=== Recorded data ===

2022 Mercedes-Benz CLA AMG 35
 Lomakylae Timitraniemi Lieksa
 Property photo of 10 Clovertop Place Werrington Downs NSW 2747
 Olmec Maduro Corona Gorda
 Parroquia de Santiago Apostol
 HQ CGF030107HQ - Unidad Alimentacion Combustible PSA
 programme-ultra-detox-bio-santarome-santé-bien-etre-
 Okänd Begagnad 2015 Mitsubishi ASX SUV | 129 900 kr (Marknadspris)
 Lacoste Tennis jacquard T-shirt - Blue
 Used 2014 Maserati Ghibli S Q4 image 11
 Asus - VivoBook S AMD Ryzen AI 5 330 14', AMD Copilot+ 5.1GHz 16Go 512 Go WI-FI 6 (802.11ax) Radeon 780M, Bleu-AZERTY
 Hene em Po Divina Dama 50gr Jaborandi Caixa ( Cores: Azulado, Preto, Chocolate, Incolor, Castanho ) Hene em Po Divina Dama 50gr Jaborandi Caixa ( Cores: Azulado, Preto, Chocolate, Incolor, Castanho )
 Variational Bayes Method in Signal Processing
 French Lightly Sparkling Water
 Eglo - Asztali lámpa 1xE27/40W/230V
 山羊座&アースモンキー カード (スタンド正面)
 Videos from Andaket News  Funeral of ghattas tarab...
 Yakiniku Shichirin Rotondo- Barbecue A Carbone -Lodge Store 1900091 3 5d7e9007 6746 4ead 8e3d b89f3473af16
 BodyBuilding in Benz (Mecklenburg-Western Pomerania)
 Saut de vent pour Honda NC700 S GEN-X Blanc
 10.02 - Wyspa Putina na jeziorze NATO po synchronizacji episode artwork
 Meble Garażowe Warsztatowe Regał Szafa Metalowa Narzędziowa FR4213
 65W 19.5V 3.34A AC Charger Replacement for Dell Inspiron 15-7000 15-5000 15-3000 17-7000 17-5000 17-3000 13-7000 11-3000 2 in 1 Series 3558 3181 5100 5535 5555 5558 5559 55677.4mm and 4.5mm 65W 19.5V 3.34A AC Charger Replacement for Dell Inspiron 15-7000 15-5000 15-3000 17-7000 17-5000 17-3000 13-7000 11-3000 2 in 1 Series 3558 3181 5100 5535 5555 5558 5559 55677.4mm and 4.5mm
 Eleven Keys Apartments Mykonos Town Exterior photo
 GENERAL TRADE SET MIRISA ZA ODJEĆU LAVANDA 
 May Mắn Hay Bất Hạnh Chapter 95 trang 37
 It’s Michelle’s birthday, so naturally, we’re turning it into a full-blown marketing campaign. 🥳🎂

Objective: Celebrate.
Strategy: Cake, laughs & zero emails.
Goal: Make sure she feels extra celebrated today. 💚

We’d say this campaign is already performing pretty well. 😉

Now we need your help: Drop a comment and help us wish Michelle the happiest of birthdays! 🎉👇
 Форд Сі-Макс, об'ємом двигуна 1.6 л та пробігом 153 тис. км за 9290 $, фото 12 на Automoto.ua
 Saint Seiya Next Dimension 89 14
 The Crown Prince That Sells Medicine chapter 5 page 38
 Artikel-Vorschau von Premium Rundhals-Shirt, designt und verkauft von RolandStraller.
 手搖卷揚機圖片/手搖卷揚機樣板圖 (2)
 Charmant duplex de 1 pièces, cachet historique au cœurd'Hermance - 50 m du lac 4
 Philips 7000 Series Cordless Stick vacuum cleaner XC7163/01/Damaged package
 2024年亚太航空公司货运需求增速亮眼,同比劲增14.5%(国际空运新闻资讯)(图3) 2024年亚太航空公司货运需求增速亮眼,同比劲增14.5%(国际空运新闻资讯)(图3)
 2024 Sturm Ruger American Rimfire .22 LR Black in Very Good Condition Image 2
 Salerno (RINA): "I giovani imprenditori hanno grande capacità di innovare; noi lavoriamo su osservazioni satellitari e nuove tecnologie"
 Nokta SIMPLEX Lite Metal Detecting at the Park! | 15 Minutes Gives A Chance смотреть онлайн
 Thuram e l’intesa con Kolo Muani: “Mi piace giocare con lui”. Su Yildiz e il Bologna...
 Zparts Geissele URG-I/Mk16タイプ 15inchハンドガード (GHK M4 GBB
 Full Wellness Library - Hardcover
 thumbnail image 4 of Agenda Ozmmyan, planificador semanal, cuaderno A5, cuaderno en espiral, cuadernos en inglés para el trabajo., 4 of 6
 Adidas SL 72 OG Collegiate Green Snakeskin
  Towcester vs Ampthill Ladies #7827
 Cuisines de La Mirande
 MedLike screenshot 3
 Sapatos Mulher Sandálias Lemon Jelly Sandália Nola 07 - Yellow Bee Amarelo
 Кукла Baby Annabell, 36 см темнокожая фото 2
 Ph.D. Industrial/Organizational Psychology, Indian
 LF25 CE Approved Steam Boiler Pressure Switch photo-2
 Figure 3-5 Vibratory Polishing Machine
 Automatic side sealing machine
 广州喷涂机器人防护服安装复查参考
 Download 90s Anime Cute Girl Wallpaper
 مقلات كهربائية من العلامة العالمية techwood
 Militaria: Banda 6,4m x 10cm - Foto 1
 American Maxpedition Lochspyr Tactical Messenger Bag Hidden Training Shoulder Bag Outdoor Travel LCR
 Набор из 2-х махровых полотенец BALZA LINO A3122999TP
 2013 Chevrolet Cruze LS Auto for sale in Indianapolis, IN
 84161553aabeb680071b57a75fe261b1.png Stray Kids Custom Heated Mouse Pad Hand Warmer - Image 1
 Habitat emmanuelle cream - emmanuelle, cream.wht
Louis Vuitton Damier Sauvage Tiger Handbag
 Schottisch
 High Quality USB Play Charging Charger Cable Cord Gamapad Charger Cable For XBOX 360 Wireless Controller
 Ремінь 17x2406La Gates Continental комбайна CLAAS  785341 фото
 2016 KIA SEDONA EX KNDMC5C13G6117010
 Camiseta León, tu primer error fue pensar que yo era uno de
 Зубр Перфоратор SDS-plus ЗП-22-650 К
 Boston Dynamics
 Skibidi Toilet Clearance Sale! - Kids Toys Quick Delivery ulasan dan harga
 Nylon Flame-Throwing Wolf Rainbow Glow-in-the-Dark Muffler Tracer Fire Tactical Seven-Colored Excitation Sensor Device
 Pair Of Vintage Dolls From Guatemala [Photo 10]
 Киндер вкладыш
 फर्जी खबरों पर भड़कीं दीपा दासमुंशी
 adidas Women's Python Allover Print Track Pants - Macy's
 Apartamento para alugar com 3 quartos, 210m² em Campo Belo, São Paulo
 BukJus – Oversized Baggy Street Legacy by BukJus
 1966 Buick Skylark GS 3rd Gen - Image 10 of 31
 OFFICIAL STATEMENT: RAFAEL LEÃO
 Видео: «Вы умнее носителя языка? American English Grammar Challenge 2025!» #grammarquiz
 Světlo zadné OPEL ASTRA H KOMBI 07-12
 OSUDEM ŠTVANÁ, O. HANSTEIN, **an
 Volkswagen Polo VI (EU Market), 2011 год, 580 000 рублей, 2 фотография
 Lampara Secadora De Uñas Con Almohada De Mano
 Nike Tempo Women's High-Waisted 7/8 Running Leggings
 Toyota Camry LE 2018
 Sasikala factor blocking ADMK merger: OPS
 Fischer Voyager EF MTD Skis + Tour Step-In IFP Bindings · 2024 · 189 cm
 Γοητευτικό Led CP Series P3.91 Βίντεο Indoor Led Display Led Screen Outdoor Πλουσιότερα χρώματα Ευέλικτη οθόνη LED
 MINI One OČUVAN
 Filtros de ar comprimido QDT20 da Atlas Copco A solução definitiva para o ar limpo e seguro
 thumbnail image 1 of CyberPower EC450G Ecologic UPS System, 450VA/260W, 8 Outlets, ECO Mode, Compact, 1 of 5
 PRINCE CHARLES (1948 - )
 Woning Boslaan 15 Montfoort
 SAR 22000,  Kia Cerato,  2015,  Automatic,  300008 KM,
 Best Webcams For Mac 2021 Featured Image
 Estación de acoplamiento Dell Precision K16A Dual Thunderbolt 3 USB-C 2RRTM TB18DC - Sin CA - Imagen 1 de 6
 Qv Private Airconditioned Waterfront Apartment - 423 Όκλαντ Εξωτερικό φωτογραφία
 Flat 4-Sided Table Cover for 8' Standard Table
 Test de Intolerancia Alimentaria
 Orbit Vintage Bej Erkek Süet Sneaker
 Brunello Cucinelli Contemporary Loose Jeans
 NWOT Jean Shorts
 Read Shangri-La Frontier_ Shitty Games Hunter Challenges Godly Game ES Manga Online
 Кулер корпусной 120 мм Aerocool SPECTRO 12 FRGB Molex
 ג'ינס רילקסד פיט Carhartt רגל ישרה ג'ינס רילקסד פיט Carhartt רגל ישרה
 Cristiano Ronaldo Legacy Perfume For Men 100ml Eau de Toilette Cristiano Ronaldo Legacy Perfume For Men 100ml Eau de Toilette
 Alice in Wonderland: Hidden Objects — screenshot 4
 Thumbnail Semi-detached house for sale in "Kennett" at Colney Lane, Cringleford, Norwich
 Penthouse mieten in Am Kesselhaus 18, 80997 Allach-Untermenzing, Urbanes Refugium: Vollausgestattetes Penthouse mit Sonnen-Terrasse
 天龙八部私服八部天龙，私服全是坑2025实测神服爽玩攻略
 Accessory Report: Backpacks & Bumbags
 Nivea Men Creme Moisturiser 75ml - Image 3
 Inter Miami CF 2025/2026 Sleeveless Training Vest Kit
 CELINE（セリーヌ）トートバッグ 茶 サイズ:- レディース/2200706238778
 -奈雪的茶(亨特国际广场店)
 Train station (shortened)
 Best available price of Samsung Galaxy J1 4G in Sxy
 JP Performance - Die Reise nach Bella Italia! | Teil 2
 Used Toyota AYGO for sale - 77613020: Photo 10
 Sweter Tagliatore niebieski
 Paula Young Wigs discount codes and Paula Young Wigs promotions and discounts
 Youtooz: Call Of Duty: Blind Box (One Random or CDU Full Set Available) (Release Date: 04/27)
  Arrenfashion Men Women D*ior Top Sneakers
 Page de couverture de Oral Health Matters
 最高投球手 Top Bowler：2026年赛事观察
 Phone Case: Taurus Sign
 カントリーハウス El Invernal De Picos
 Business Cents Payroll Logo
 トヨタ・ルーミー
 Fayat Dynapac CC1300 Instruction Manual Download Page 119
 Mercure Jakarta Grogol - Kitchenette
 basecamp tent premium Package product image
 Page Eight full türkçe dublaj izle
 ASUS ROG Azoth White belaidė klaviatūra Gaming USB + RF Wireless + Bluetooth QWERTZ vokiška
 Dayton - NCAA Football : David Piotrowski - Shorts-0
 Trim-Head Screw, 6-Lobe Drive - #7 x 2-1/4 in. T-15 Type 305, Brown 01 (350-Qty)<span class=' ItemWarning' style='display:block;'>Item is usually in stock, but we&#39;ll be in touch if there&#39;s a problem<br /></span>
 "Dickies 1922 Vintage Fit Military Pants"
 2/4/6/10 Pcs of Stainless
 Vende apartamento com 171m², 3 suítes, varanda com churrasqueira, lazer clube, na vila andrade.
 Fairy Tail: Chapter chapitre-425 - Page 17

===

→ **Instructions for the task**: Your response should be made up of the lines in the data that contain the word "Automatic".

→ **Written answer**:
 Automatic side sealing machine
 SAR 22000,  Kia Cerato,  2015,  Automatic,  300008 KM,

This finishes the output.